# PROVIDED DATA
******************************

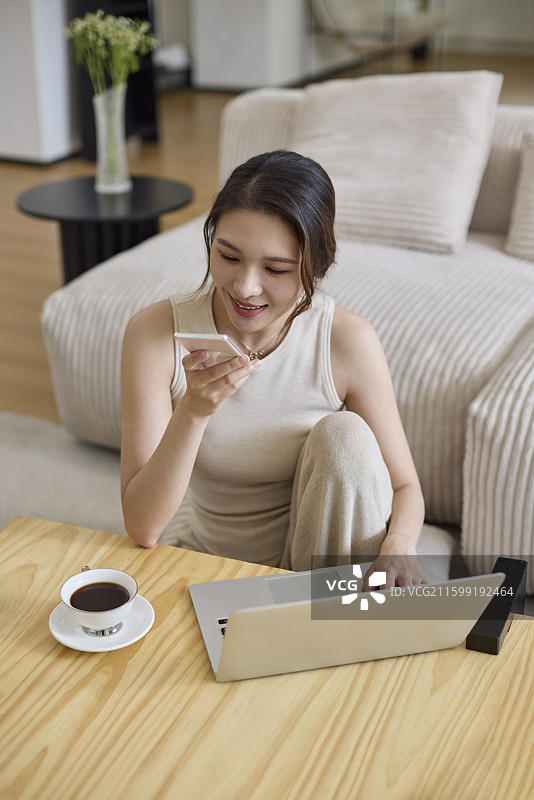 优雅女性居家办公图片素材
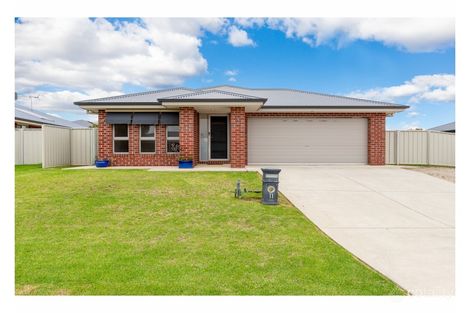 11 Darling St, West Wodonga, VIC 3690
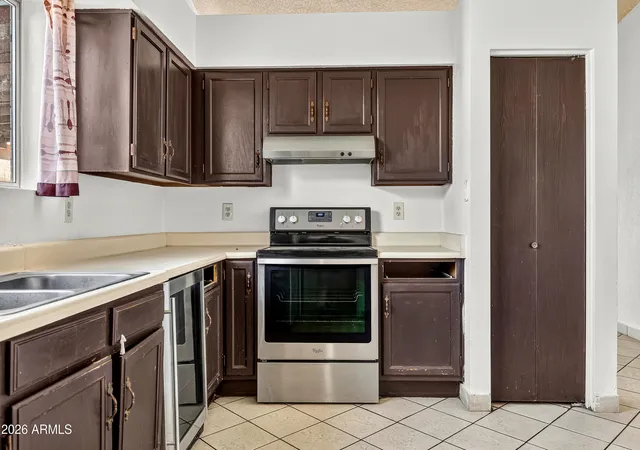 Photo 2 of Townhouse for sale at 876 S Nebraska St #10, Chandler, AZ 85225 | MLS# 7077600 | Listing updated on 2026-09-09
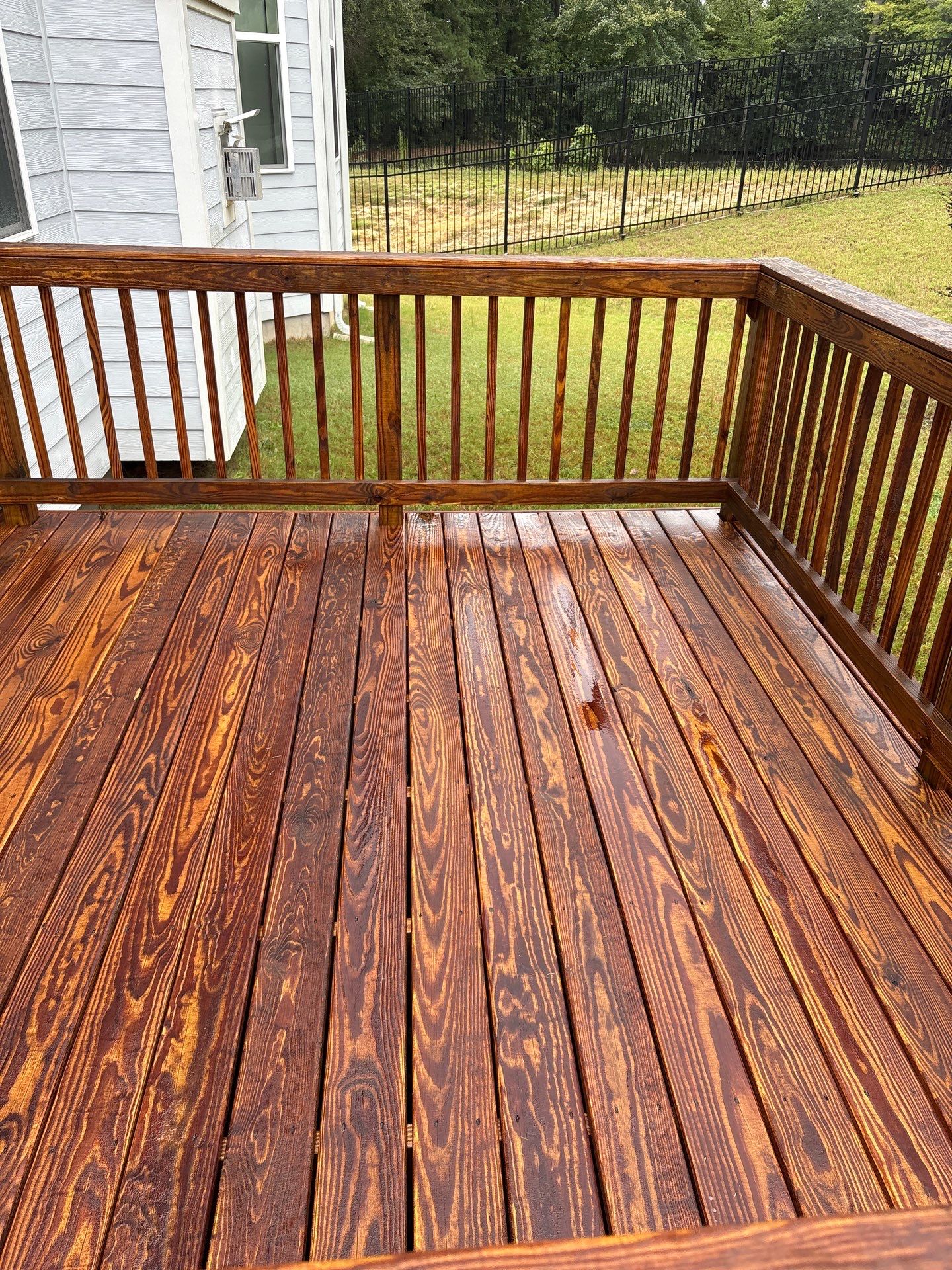 Wood Deck using Wood Sealant by DuraSeal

******************************

# WHAT THIS TASK INVOLVES
Reproduce each line above exactly, but not a single picture.

# TASK ANSWER
 优雅女性居家办公图片素材
 11 Darling St, West Wodonga, VIC 3690
 Photo 2 of Townhouse for sale at 876 S Nebraska St #10, Chandler, AZ 85225 | MLS# 7077600 | Listing updated on 2026-09-09
 Wood Deck using Wood Sealant by DuraSeal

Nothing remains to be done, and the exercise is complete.